Lungi dall’essere luoghi statici, ospitano eventi e mostre temporanee: è il caso del museo Salvatore Ferragamo di Firenze, dove è in corso fino a marzo 2020 la mostra Sustainable thinking che invita a riflettere sul rapporto fra industria e sostenibilità, in un’ottica sempre più necessaria di tutela ambientale. Spesso fanno rete sul territorio con altre realtà del settore, come nel progetto Motor Valley, che in Emilia Romagna unisce autodromi, collezioni private e musei d’impresa come quelli di Ducati e Lamborghini. Anche il Touring Club Italiano ha dato un suo importante contributo, realizzando diversi anni fa una guida dedicata; fornendo tramite l’Archivio storico materiali e contenuti; partecipando a eventi come la conferenza di Napoli di settembre 2018.
Giornalista e saggista, già direttore della Fondazione Pirelli, Antonio Calabrò è vicepresidente di Assolombarda, è stato direttore editoriale del gruppo Il Sole 24 Ore e vicedirettore del quotidiano. È inoltre consigliere del Touring Club Italiano e di altre società e fondazioni. Da giugno 2019 è presidente dell’associazione Museimpresa: la persona giusta per raccontare questo mondo e, con esso, l’Italia degli ultimi 150 anni.
«Musei e archivi di impresa sono straordinari veicoli di sintesi tra storia e innovazione nel nostro Paese e permettono di documentare e raccontare quanto le imprese hanno fatto e continuano a fare per la crescita economica, sociale, civile dell’Italia.
C’è un netto fil rouge: manifatture, servizi, banca, commercio hanno sempre seguito due regole: qualità e bellezza dei manufatti. In Italia abbiamo da sempre una grande vocazione internazionale, perché, per citare lo storico ed economista Carlo M. Cipolla, l’Italia “è abituata fin dal medioevo a produrre, all’ombra dei campanili, cose belle che piacciono al mondo”.
Siamo esportatori da sempre. Questa tradizione è rimasta, rinnovata, nell’Ottocento e poi nel dopoguerra, con il boom economico.

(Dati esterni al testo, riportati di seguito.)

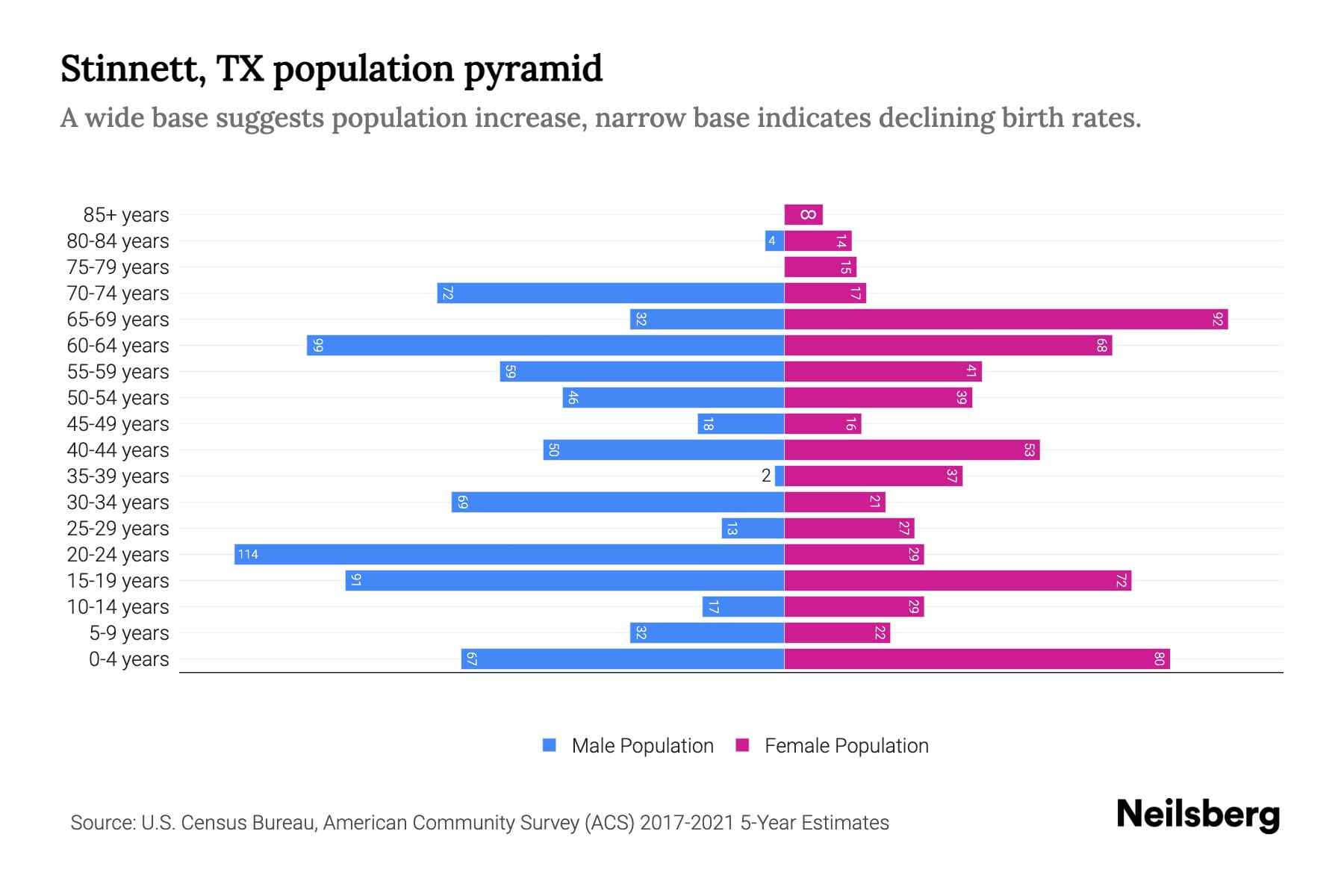 TX Population by Age 2023 TX Age Demographics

Siamo sempre stati bravissimi meccanici, e mi riferisco anche agli elettrodomestici, non solo alle vetture. Abbiamo sempre usato meno acciaio degli altri, perché ne avevamo meno. Abbiamo copiato i mercati esteri e abbiamo fatto meglio. Abbiamo avuta una straordinaria industria della gomma, Pirelli, per non parlare di quella dell’auto. La Spina realizzata da Renzo Piano per Pirelli a Settimo Torinese è un esempio di eccellenza di fabbrica, oltre che di prodotto. Adriano Olivetti l’aveva capito: non puoi fare innovazione in un sottoscala poco illuminato.

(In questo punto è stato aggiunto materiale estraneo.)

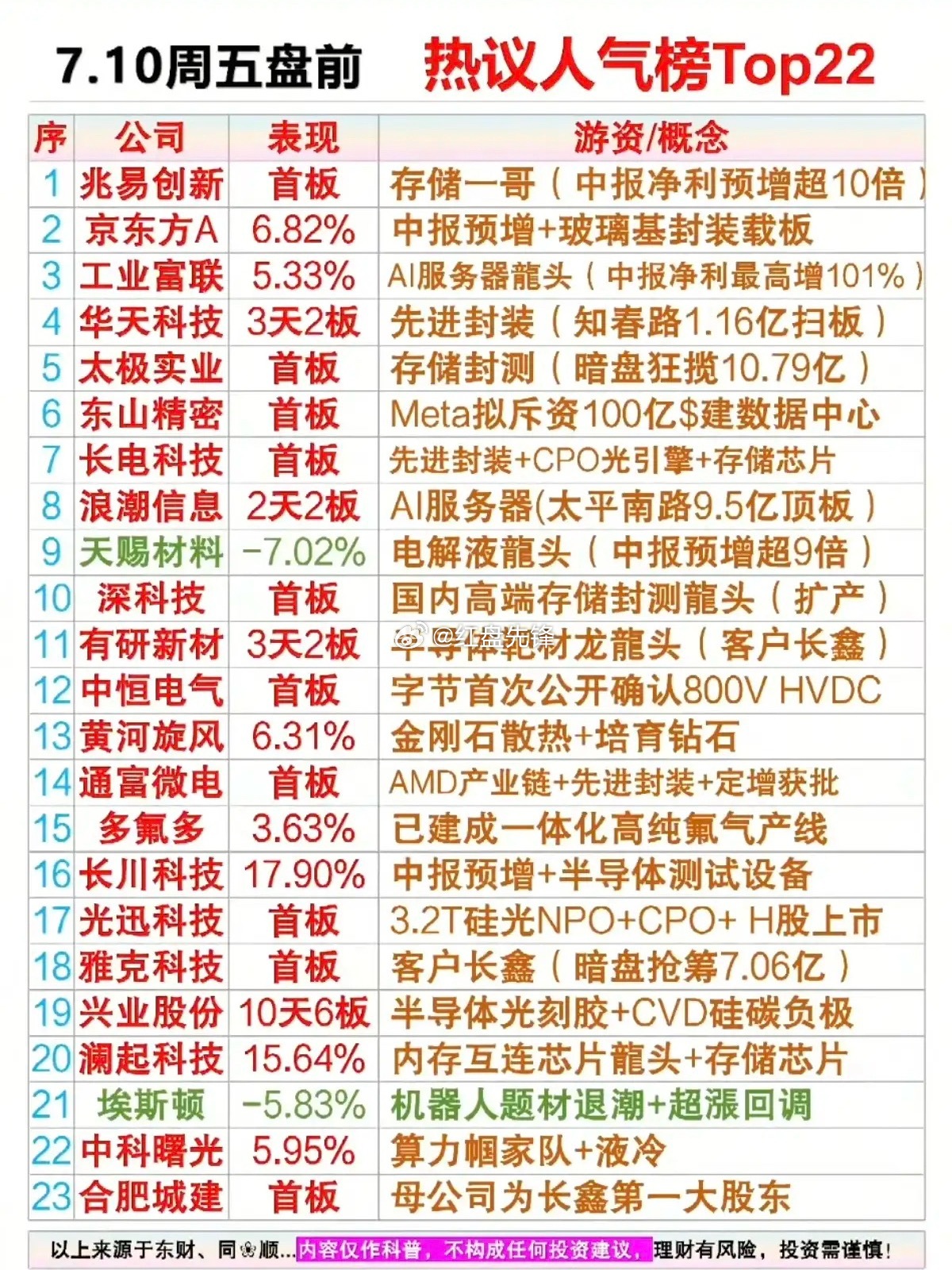 明日主线锁定！半导体五大高热度细分方向汇总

Siamo il secondo Paese manifatturiero in Europa, subito dopo la Germania. Primeggiamo nella chimica: la plastica è un’invenzione italiana, che fece guadagnare il premio Nobel per la chimica nel 1963 a Giulio Natta. Ma quasi nessuno lo sa, o lo ricorda. La memoria è importante. Le imprese italiane hanno oggi una grande responsabilità: costruire il racconto di sé».

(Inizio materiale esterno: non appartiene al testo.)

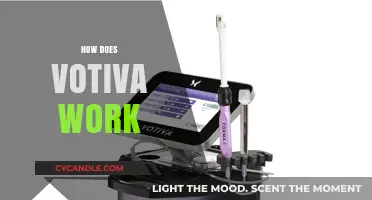 Unlocking the Secret to Youthful Skin: How Votiva Works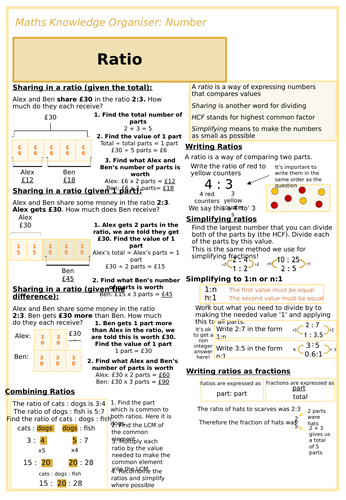 Ratio Knowledge Organiser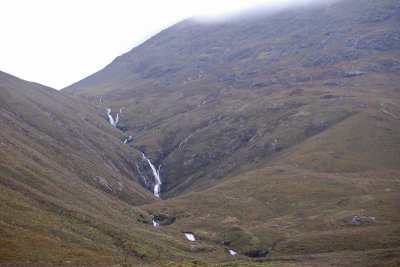 Skye streams
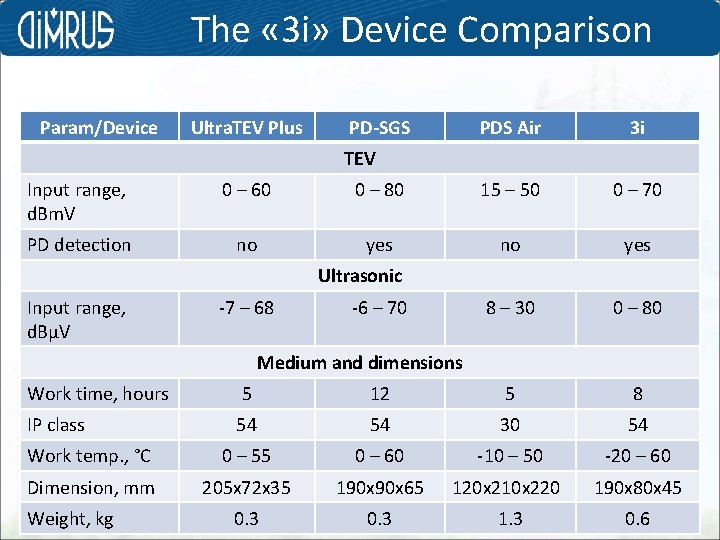 The « 3 i» Device Comparison Param/Device Ultra. TEV Plus PD-SGS PDS Air 3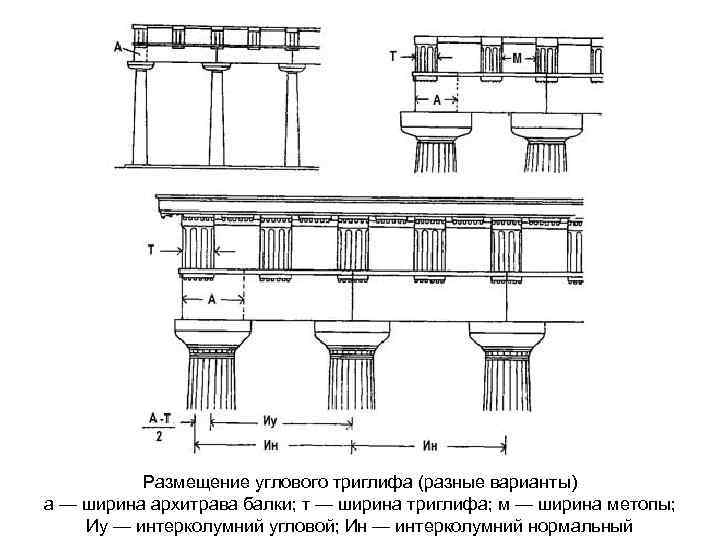 Размещение углового триглифа (разные варианты) а — ширина архитрава балки; т — ширина триглифа;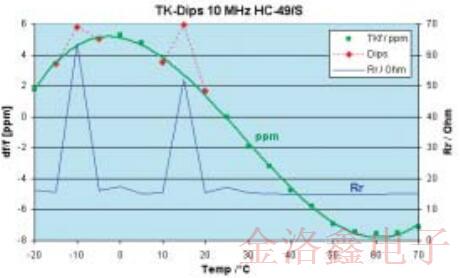 Axtal石英晶體經(jīng)過(guò)測(cè)試的安全性技術(shù)文章獨(dú)家發(fā)表 Axtal石英晶體經(jīng)過(guò)測(cè)試的安全性技術(shù)文章獨(dú)家發(fā)表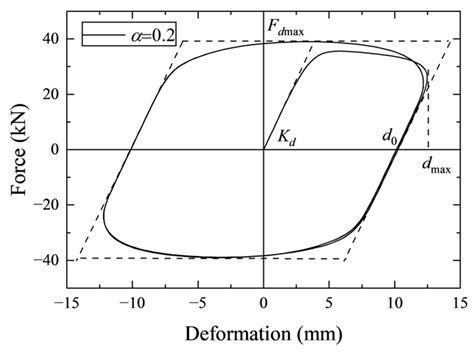 Capacity Spectrum-Based Retrofitting Method and Quick Design for ...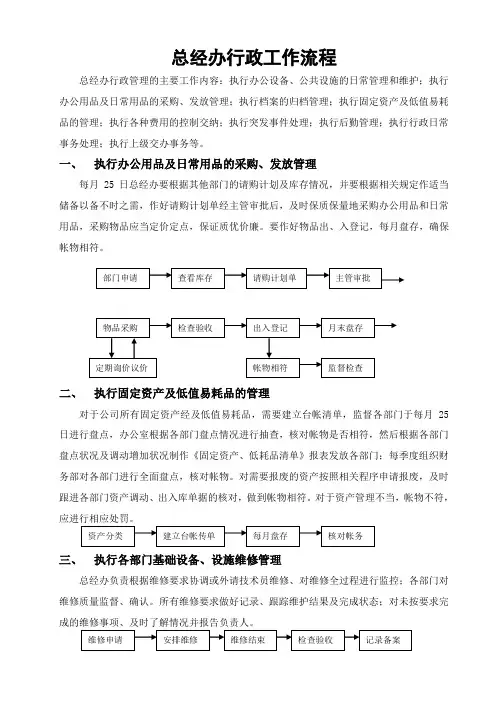 总经办行政工作流程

C’è di che essere orgogliosi. Ma se fra le imprese c’è competizione, come possono i musei d’impresa fare squadra?
«Competizione viene dal latino cum-petere, andare insieme verso obiettivi comuni. Questa è l’idea di competizione nei musei d’impresa. Le strutture sul territorio devono lavorare insieme e riscrivere il ritratto di un Paese che è ancora il più bello del mondo. Dobbiamo ritessere gli interessi comuni. Siamo il Paese – questo lo sanno in pochi – in cui per le imprese è più semplice essere sostenibili dal punto di vista ambientale. Lo conferma il dossier 2019 di Symbola, a cura di Ermete Realacci, che fotografa i primati dell’economia nazionale e che consiglio di leggere».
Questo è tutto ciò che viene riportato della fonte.